Around the House



Supporting Our Small Businesses

Small businesses are quick to lend a hand to neighbors in need and go out of their way to support local communities. They are vital to Indiana’s economy, and are being hit hard by the pandemic, especially those in hospitality and tourism industries. To assist Hoosier entrepreneurs, House lawmakers passed a bill to help struggling businesses bounce back.

House Bill 1004 would extend and strengthen an existing grant program to accelerate economic recovery and protect Indiana jobs. This Hoosier Hospitality Small Business Restart Grant Program could provide up to $50,000 in grant funding to eligible businesses. To qualify, businesses must be in good standing and able to show a significant loss of revenue. If awarded a grant, funds could be used toward a portion of business and payroll expenses. 

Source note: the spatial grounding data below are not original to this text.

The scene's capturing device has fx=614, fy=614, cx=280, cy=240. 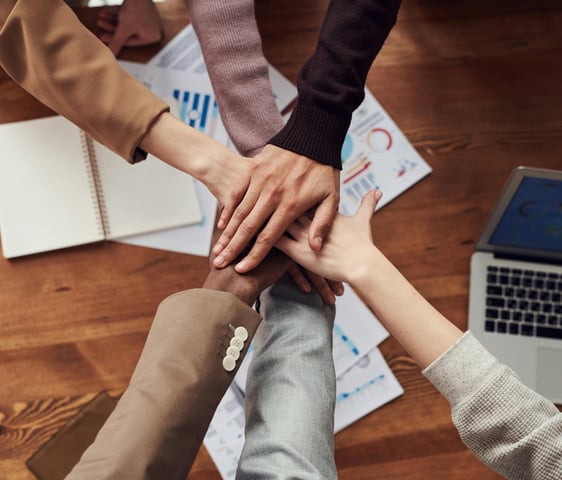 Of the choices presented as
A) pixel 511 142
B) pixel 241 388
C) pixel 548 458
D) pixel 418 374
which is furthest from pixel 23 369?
pixel 511 142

House Bill 1004 received bipartisan support from the Indiana House of Representatives and has been referred to the Senate Appropriations Committee for further consideration. For more information about legislation from this session, visit

Supporting Lawful Gun Owners

The Indiana House of Representatives recently passed House Bill 1369, which would allow law-abiding Hoosier adults to carry a firearm without having to get a government-issued license.

Currently, Hoosiers must complete numerous steps within 180 days after first applying for a carry permit, including:

  • Completing a firearm license application online;
  • Scheduling an appointment to get their fingerprints taken; and
  • Completing local law enforcement agency processing.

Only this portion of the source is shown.